Day 37 – Survive the Savage (Tasman) Sea
Sunday, February 25, 2018
Dramatic folded right into life on board as if born to it. Fifty years earlier, Dramatic planned to join me on the Angelina Lauro, sailing from Auckland to Southampton. Instead, her life took a different path and she went to France. But our friendship survived intact and I knew I could always count on her for a warm Kiwi welcome whenever I knocked on her door. Now we were room-mates again and it was an easy transition from total privacy to sharing a bathroom.
Yesterday’s sunshine was but a memory as we sailed across the Tasman Sea which is known for its stormy weather and savage seas. Grey skies, grey seas, grey moods. As evening approached, the greyness was replaced with dramatic color as guests gussied up in gowns of every hue: red, blue, coral, purple, with huge smiles and perfect teeth, the men in penguin suits with dashing bow ties and matching cummerbunds. We joined the throng at the Welcome Aboard party where, at the Captain’s prompting, all the guests sang Happy Birthday to Mr. Danza, who had missed his celebration when we crossed the date line. Perhaps that was the real reason for the party.
Day 38 – Another Day at Sea
Monday, February 26, 2018
My team won again at morning Trivia. I have collected about 20 stamps on my prize-card, so I joined the line for prize redemption at 5 pm. It was my day to claim all the valuable prizes about which we had heard so much. They were much better than usual, and I received a Cunard travel alarm clock and three flash-drives. Not a bad haul.

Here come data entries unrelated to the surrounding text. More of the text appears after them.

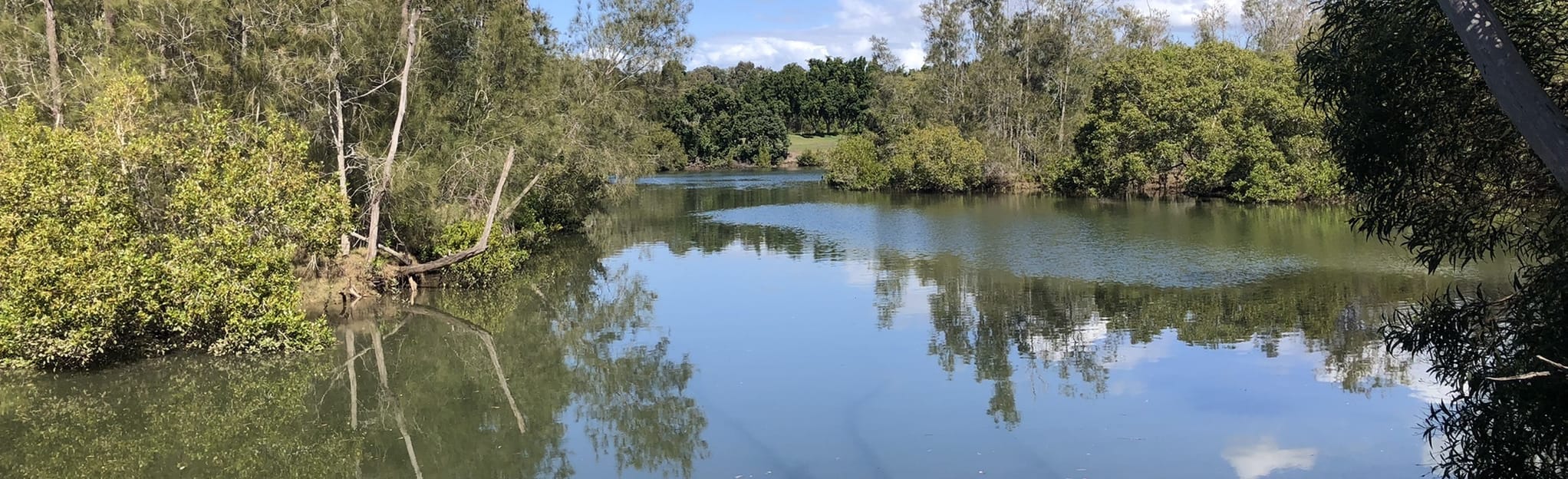 Mountain Creek Loop, Queensland, Australia 78 Reviews, Map AllTrails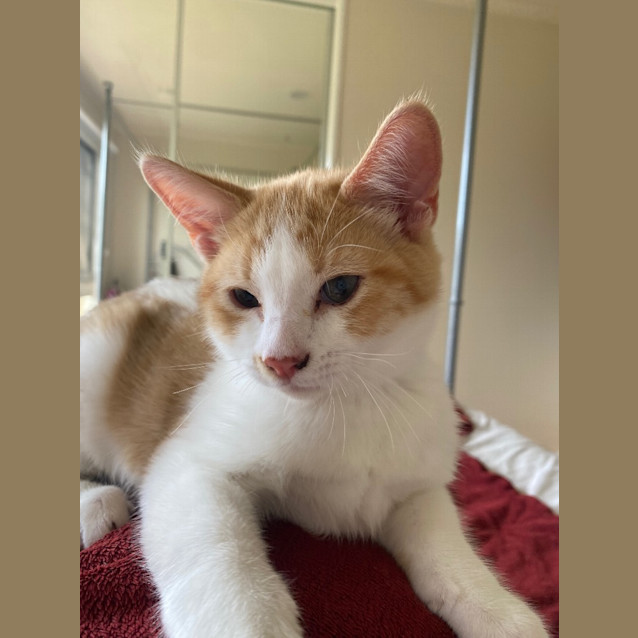 Photo of The Ginger Potato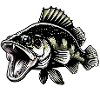Zander Angeln Raubfisch Fisch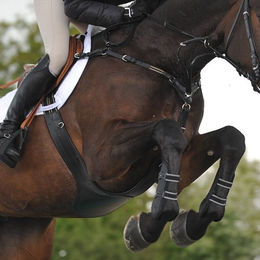 Kavalkade Sattelgurt Vorderzeug SecureX aus Leder für Pferde – Bild 1 von 4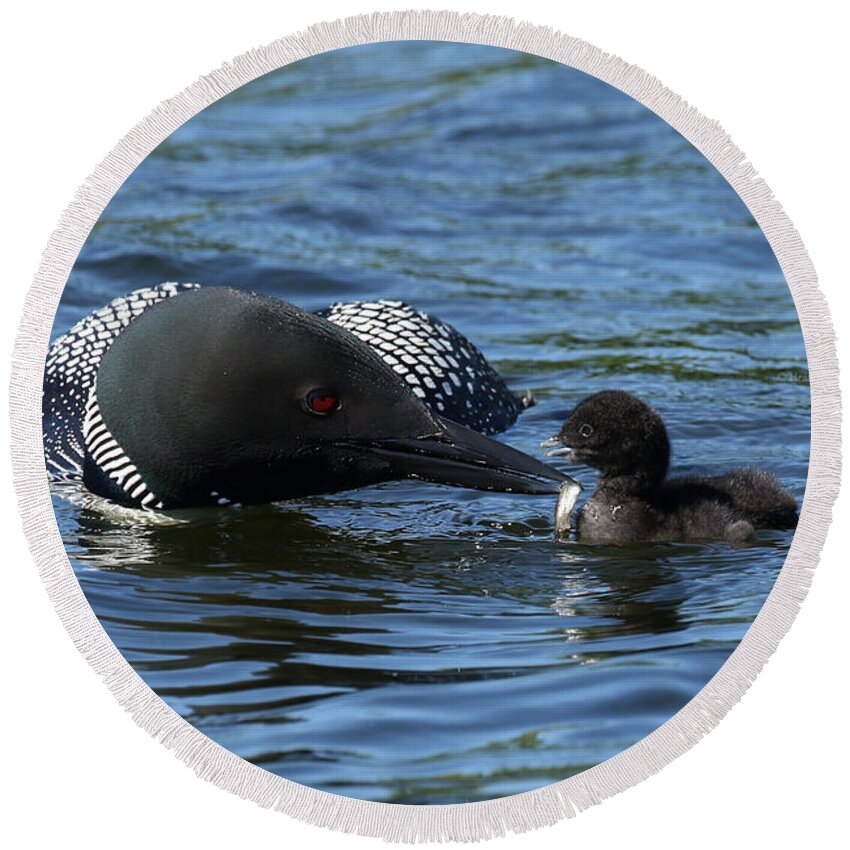 Loon Round Beach Towel featuring the photograph Life Lessons by Heather King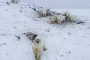 Десетки полярни мечки обсадиха село в Чукотка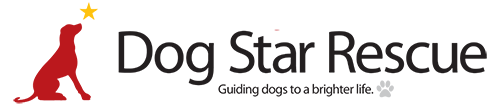 Dog Star Rescue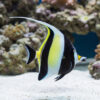 Moorish Idol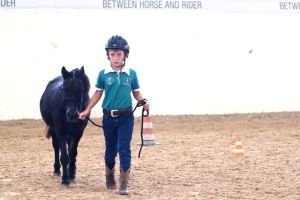 reining   mers0919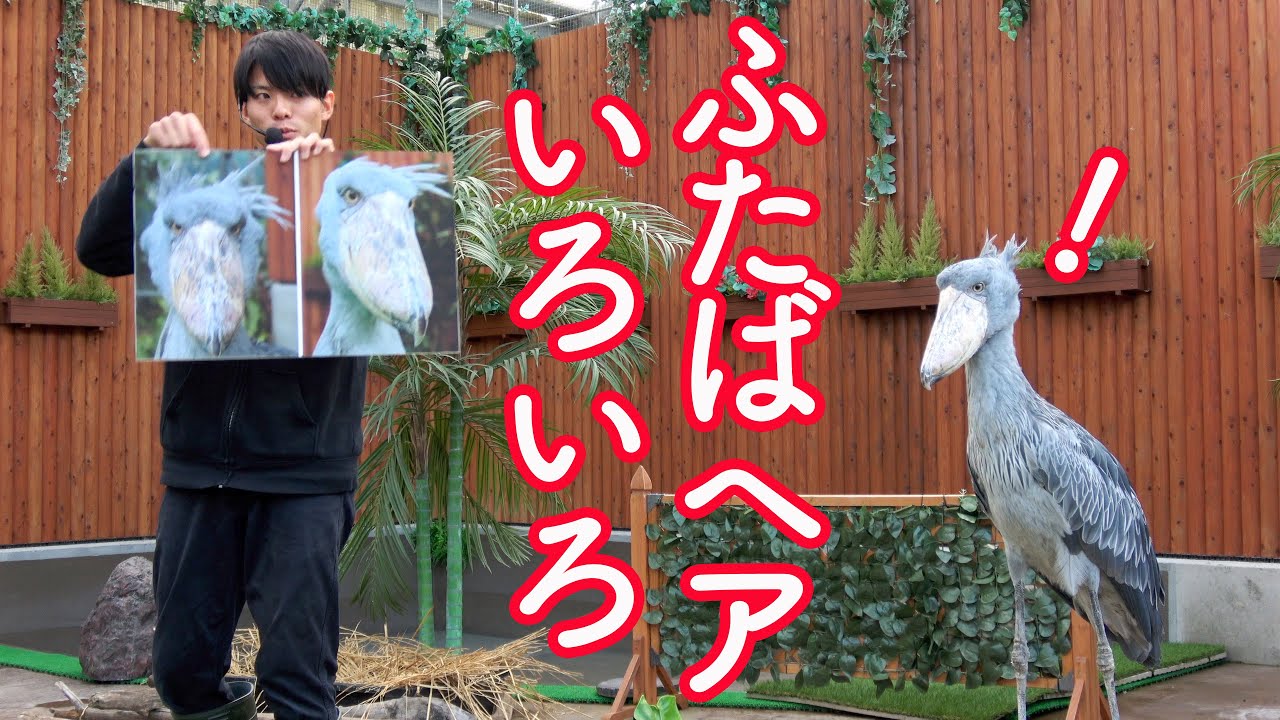 ハシビロコウのふたば、大好きなお兄さんとのスペシャルイベント3☆お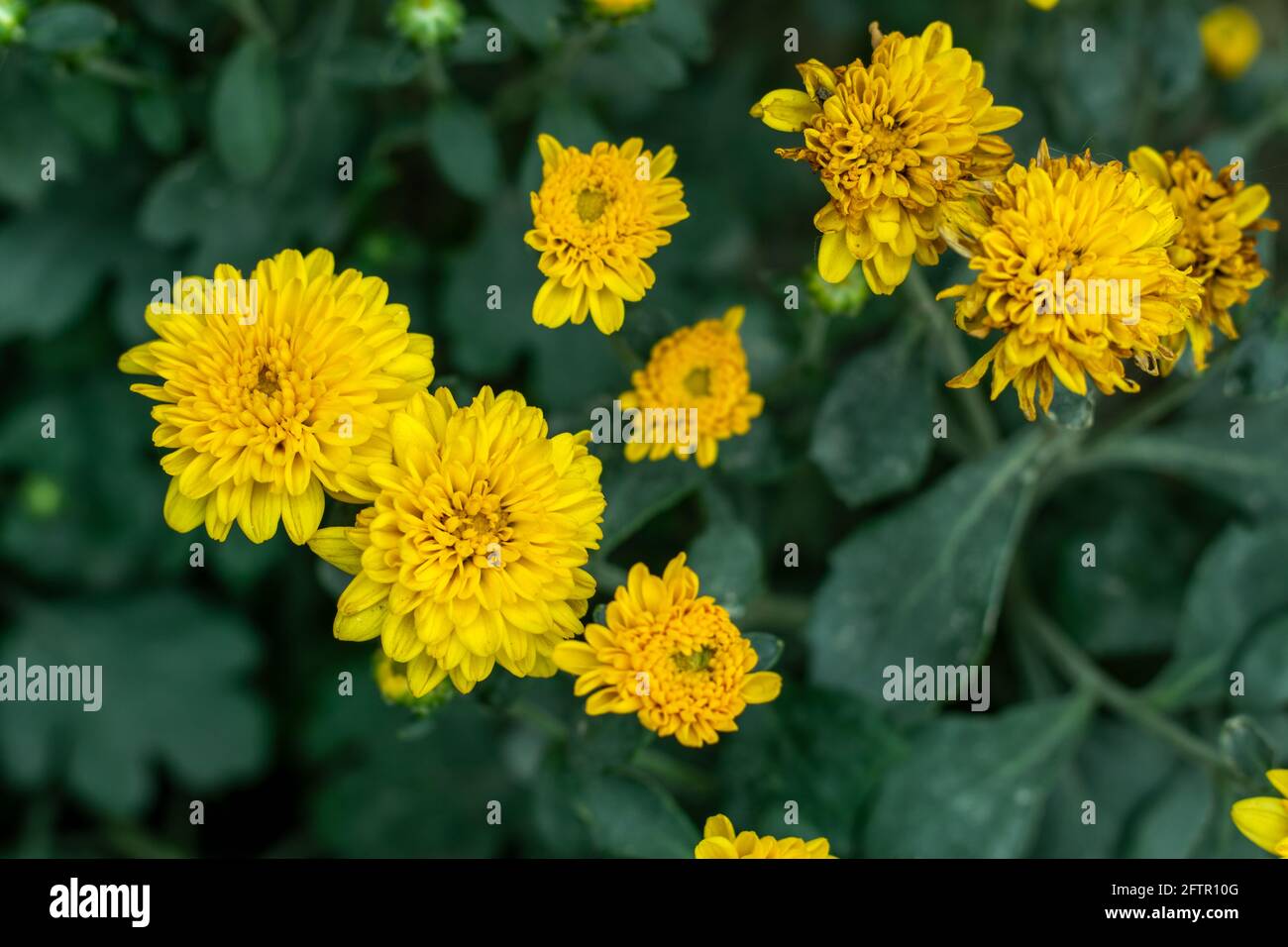 Fleuristes chrysanthème ou plantes de fleurs de dandélion de Crepis aussi appelé Indien Chrysanthème de la fleur jaune de Chrysanthemum indicum Banque D'Images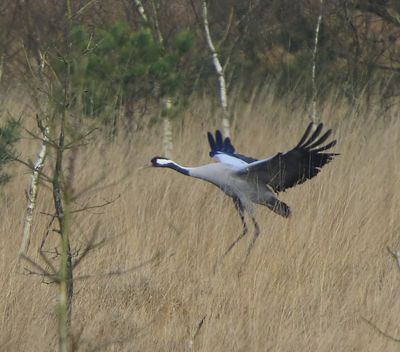 Kraanvogel - Common Crane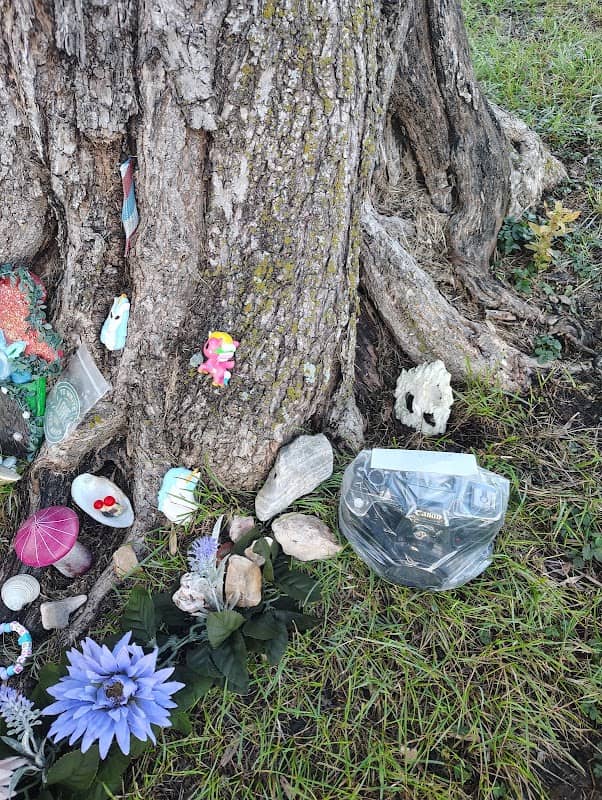 Owasso Giving Tree - Image 3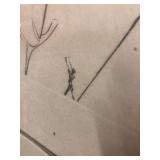 Framed SALVADOR DALI Artist Proof Lithograph Print (Broken Glass)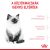 Royal Canin FHN KITTEN 4kg száraz macskaeledel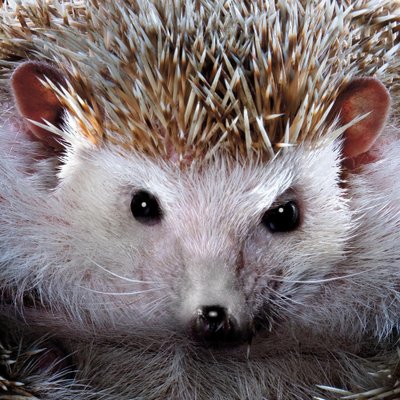 Tim Platt, Hedgehog #1, 2017, Archival Pigment Print-OBQ-1801571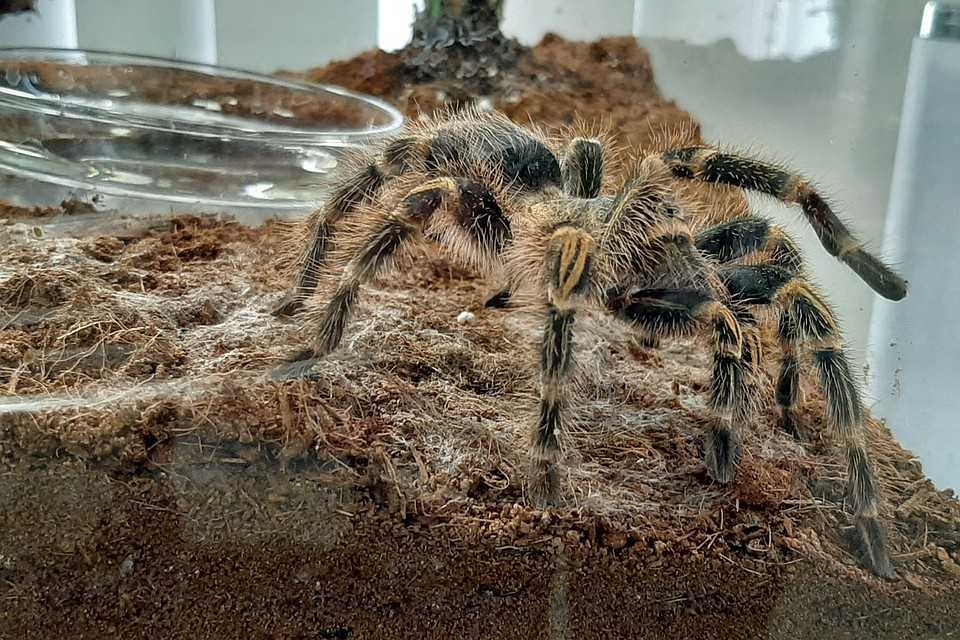 Что едят пауки в домашних условиях: чем кормить зимой, как часто едят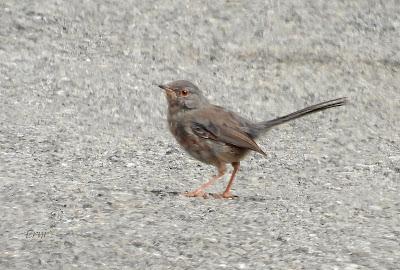 LA MIGRACIÓN DE LAS AVES: COMIENZA EL FESTIVAL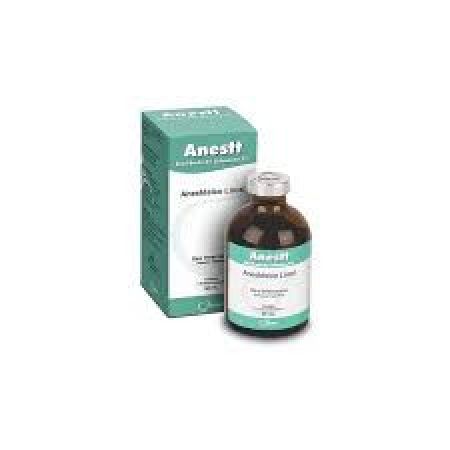 ANESTT ANESTÉSICO 50 ml INJETÁVEL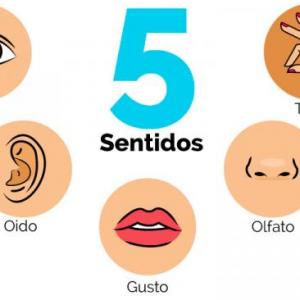 Los 5 sentidos 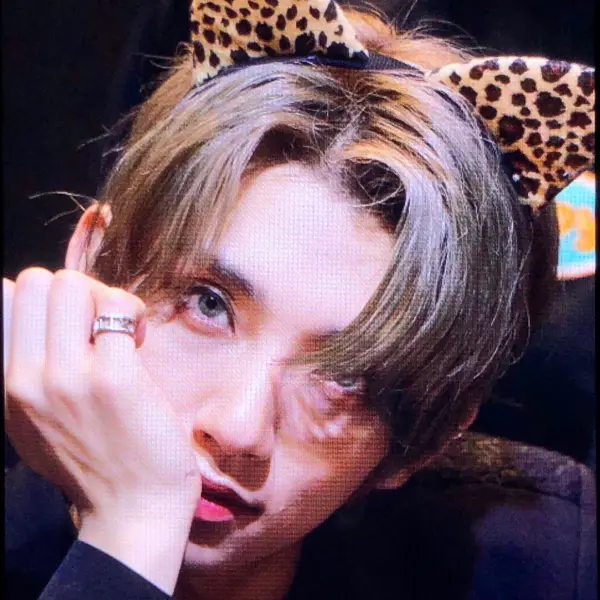 Joshua gallery image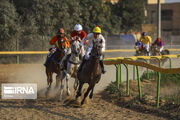 ورزش سوارکاری، ابزاری برای نشاط و شادی جوانان در خوزستان است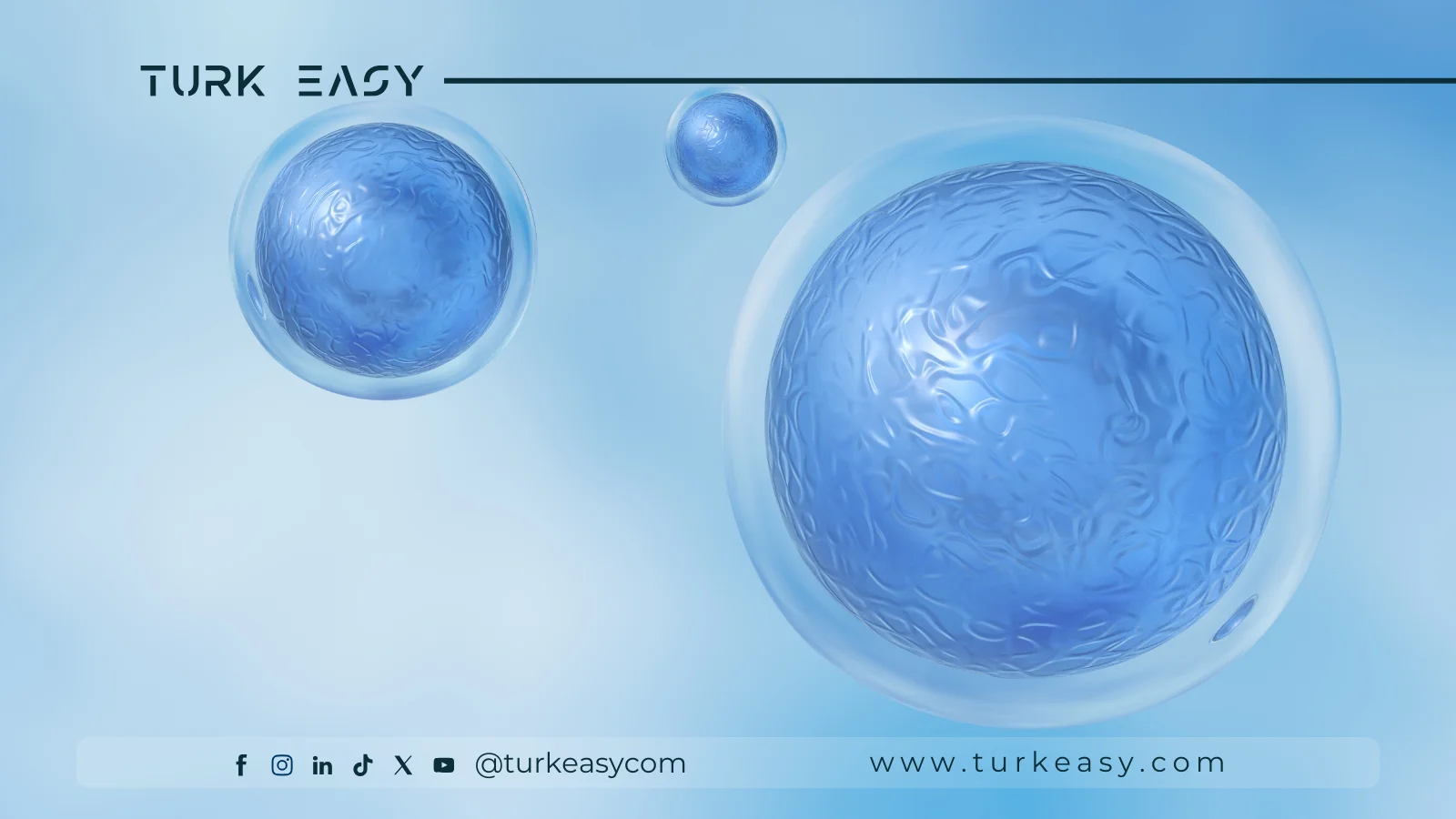 Kemik İliği ve Kök Hücre Nakli 2024 | Turk Easy
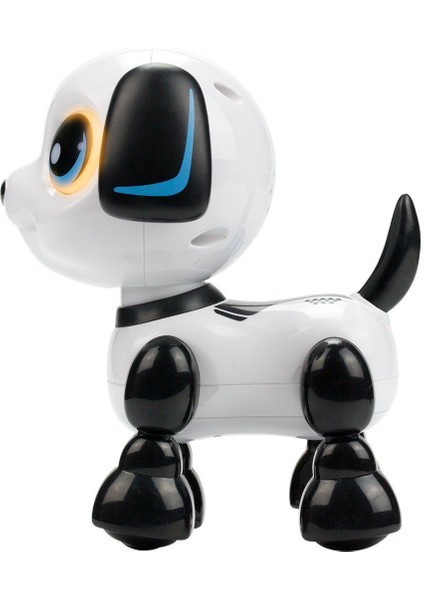 Robo Heads Up Robot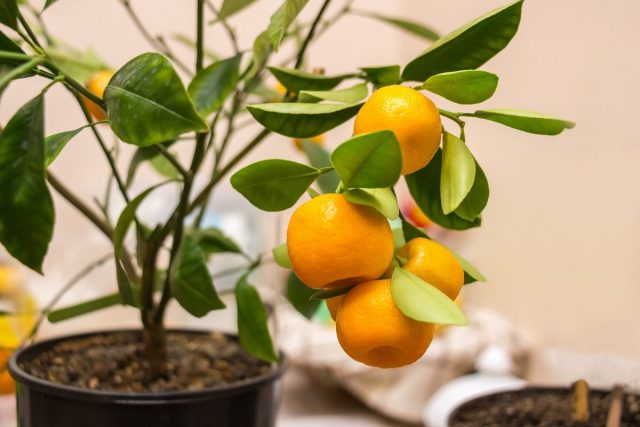 La kalamondina interior es la más prolífica entre las frutas cítricas. Cuidado en casa. Foto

Tonight’s show was world-class! The Barricade Boys entertained us with non-stop music and drama, songs from Les Miz, Sinatra and the Jersey boys. The audience was tapping its feet, smiling and humming along with the boys on stage. They had each performed professionally in Les Miz, from London to Broadway to the Road Show and the movie. We loved them.
Day 39 – If it’s Sydney, it’s Almost Over
Tuesday, February 27, 2018
Any ship which sails into Sydney must arrive before the early morning commuter ferries start their daily schedule. Consequently, we sailed into the magnificent harbor in the dark and were docked at Circular Quay by the time I woke up. I pulled back the curtains and there was the opera house, splendid in the morning dawn.
Finally, I was going to the Blue Mountains. The name alone had always intrigued me but even though I’ve been to Sydney many times, I never seemed to get there. Until today.
Our tour group boarded a modern bus and we drove out of Sydney, through the area known as The Rocks, over the Paramatta River, the Sydney Harbor Bridge a great arch in the sky to the South. We drove through urban sprawl for miles, until we were surrounded by trees and bushes and hills and sky. Our destination was Katoomba, in the heart of the Blue Mountains and home of the world’s steepest funicular railway. The mountains appear to have a blue haze, or blue dusting, perhaps a trick of the light. Australians sometimes refer to the Blue Mountains as the Australian Grand Canyon because the mountains appear to soar straight up and down like the Grand Canyon, or the mountains in Milford Sound, or the cliffs in Hawaii. Here in Katoomba, the slopes are covered in greenery, apart from the Three Sisters Rocks.
Legend has it that an ancient father turned his daughters into rocks to protect them from a scavenging predator. When the danger passed, the father forgot the spell to turn them back into his beautiful, innocent daughters. The Three Sisters Rocks stand proud and soaring, looking over the canyon, still waiting for the magic moment when their lips will breathe once more, and they will love again.
We stood in line to board the funicular. There is just one track, one train, bright red. The glass doors open like the winged doors of the DeLorean in Back to the Future. We boarded by row, and adjusted our seats, upright, for a full-on experience, or partially reclined for a safer feeling. The doors closed, we began to move, and it felt as if we were on a roller-coaster without the speed. The train went down-hill at an angle of 52 degrees. Try it for yourself. It is steep. It’s a long way from vertical, but it’s a long way from gentle.
At the bottom we walked through perhaps a kilometer of rain-forest, past the mine entrance, now disused of course, enjoying the lushness of the trees and bushes and ferns, hearing the call of the birds. We returned to our bus via cable car, all 40 of us in one glass-walled box, suspended hundreds of feet above the ground, with a splendid view of the Three Sisters as we ascended.
If I make a bucket list of places to which I would like to return, the Blue Mountains will be high on the list. A splendid day.